Reviewing Radiohead - Stupid Car (and Pop is Dead)
Radiohead released Pablo Honey to not much fanfare until Creep was discovered by some Israeli DJ and suddenly the band were massive - even if only as the Creep band. However, they had released music before Pablo - the Drill EP.
As you can tell, the band weren't particularly great at cover art just yet. They weren't even called Radiohead for that long at this time; the band were known as On a Friday, a reference to when they did practice at school, and only switched their name at EMI's request.
Three songs on Drill were rerecorded and put on Pablo, which I have already reviewed in a separate blogpost here. There is, however, one song which didn't get this honour - Stupid Car.
Ever since I realised this, I have wondered what the band thought of the song. It seems like they don't have an opinion, and have willingly cast it into the memory hole. Though that can't be true, surely - the EP is available for streaming, which is why I'm even reviewing the song, and that fact alone suggests to me that the band prefer Stupid Car to another early release, Pop is Dead (the only Radiohead song not available on Spotify!) - therefore, I think the band merely don't care about it.
The song itself is a rather acoustic number, with lovely guitar strumming and softer vocals by Thom Yorke eventually building up into a controlled frenzy and then inexplicably stopping as it was getting excellent. It annoys me because they could have added a sudden guitar line, incorporated more feedback, even have Philip Selway join in (the song has no drums)...and yet they simply let the song last a paltry 145 seconds. Yet I'd still choose it over countless other tracks on Pablo Honey.
It's a shame because it's a rather sweet song.
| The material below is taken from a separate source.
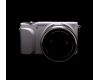 Фотокамера Sony Nex-3N kit (пробег 5020 кадров)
Every article on Stupid Car mentions how the lyrics foreshadow Yorke's obsession with cars going wrong, like on Airbag, and it seems like that's all the curious context, at least until the band speak out about it, that we will get.
I know it's unlikely that Thom Yorke will be reading this blogpost, but if you are Thom, what do you actually think of Stupid Car?
Out of curiosity, I listened to Pop is Dead (which was actually a single) and it's a rather bouncy song with lovely guitar work, yet admittedly doesn't do much more. It's an extremely straightforward song which veers into unintentional hilarity at times [like seriously, what does "another line of coke to jack him off" mean?]. I can see why the band don't want to include it on Spotify because there's nothing special to it, it's not good as a single but it's somewhat okay as a song.